Repeat exactly what runs from the line with "Skip The Flowers..." through the last line of the material, and keep the pictures out of it.

**Data extract:**
*** Block opens ***

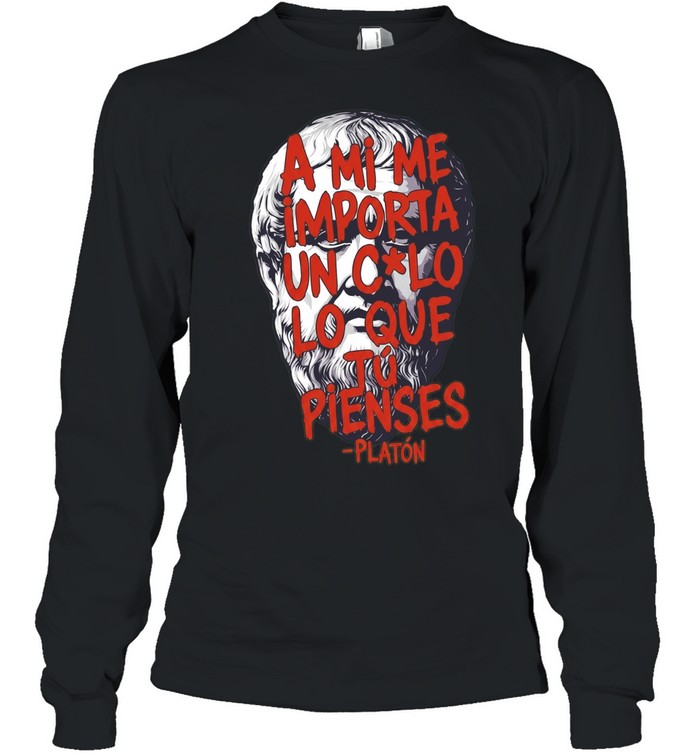 A Mi Me Importa un Culo Lo Que Tu Pienses Platon Long Sleeve Tee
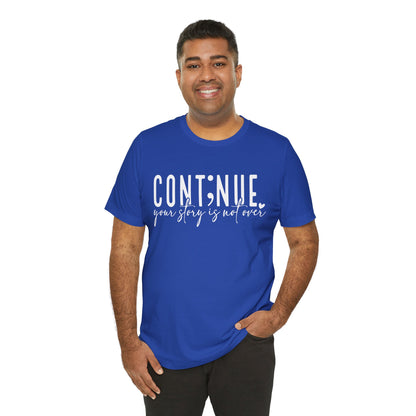 Cont;nue. Your Story is Not Over | Unisex Adult Short Sleeve T-Shirt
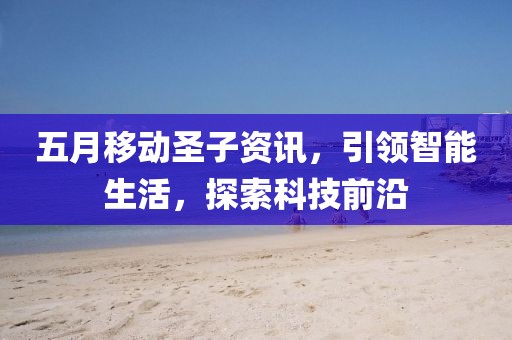 五月移動圣子資訊，引領(lǐng)智能生活，探索科技前沿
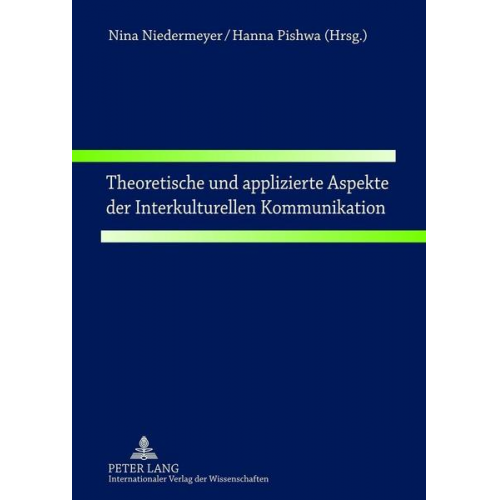 Theoretische und applizierte Aspekte der Interkulturellen Kommunikation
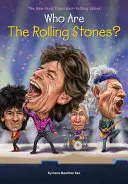 Kto sú Rolling Stones? - Who Are the Rolling Stones?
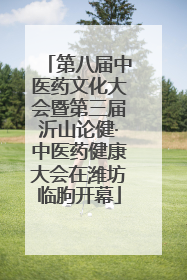 第八届中医药文化大会暨第三届沂山论健·中医药健康大会在潍坊临朐开幕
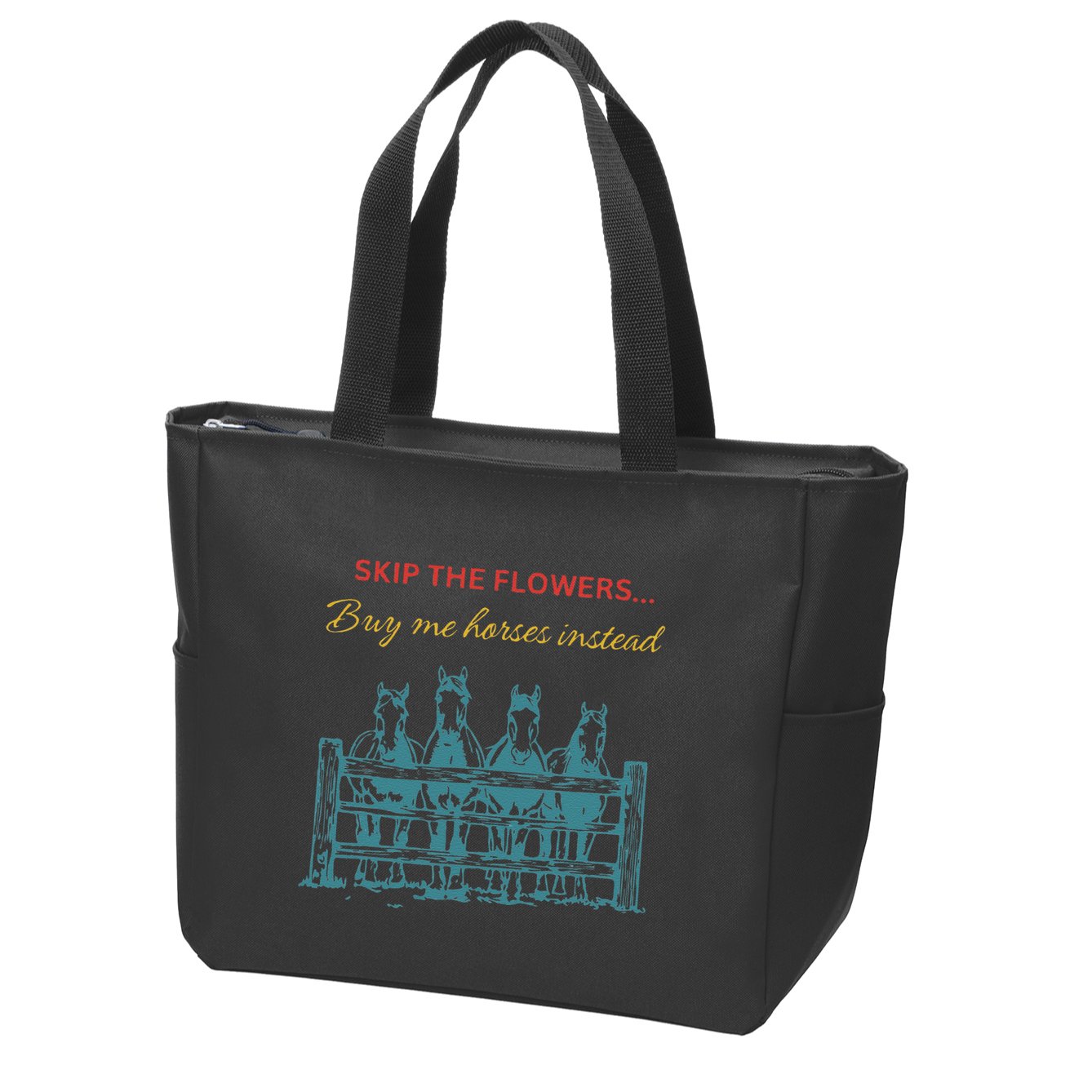 Skip The Flowers... Buy Me Horses Instead Zip Tote Bag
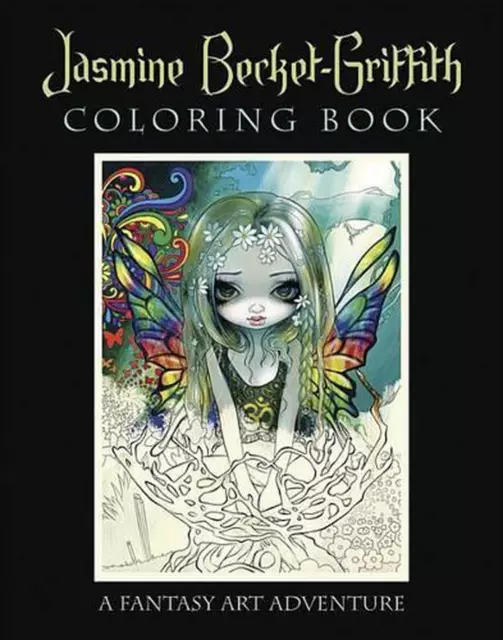 Jasmine Becket-Griffith Coloring Book: A Fantasy Art Adventure by Jasmine Becket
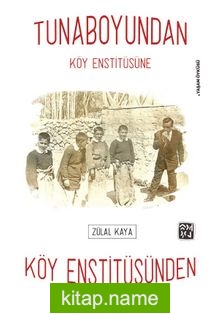 Tunaboyundan Köy Enstitüsüne, Köy Enstitüsünden Anadolu’ya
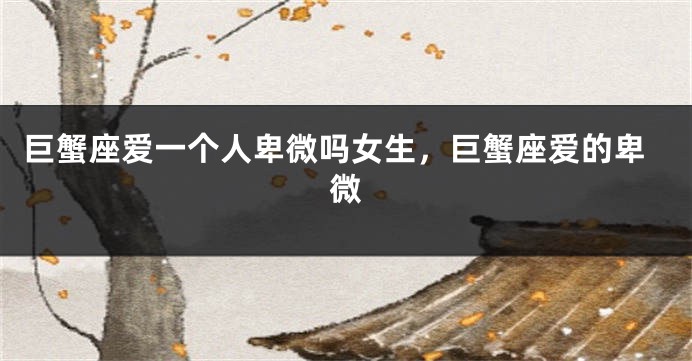 巨蟹座爱一个人卑微吗女生，巨蟹座爱的卑微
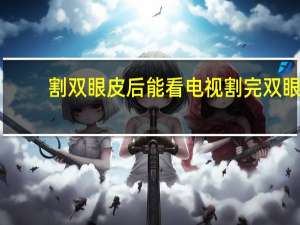 割双眼皮后能看电视 割完双眼皮注意事项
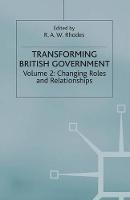 Transforming British Government: Volume 2: Changing Roles and Relationships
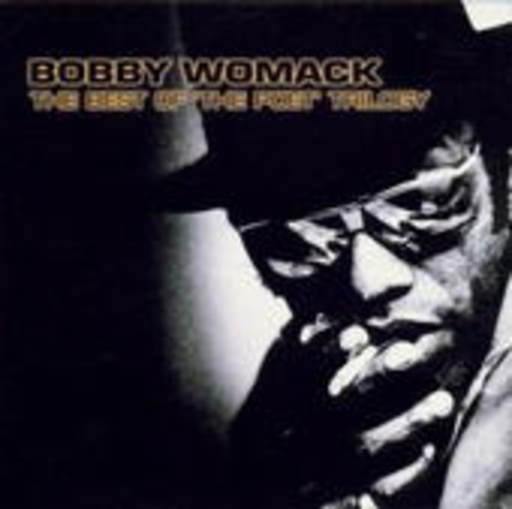 Bobby Womack – Best Of Poet Trilogy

*** Block closes ***

**Answer to this task:**
 Skip The Flowers... Buy Me Horses Instead Zip Tote Bag
 Jasmine Becket-Griffith Coloring Book: A Fantasy Art Adventure by Jasmine Becket
 Tunaboyundan Köy Enstitüsüne, Köy Enstitüsünden Anadolu’ya
 巨蟹座爱一个人卑微吗女生，巨蟹座爱的卑微
 割双眼皮后能看电视 割完双眼皮注意事项
 Transforming British Government: Volume 2: Changing Roles and Relationships
 Bobby Womack – Best Of Poet Trilogy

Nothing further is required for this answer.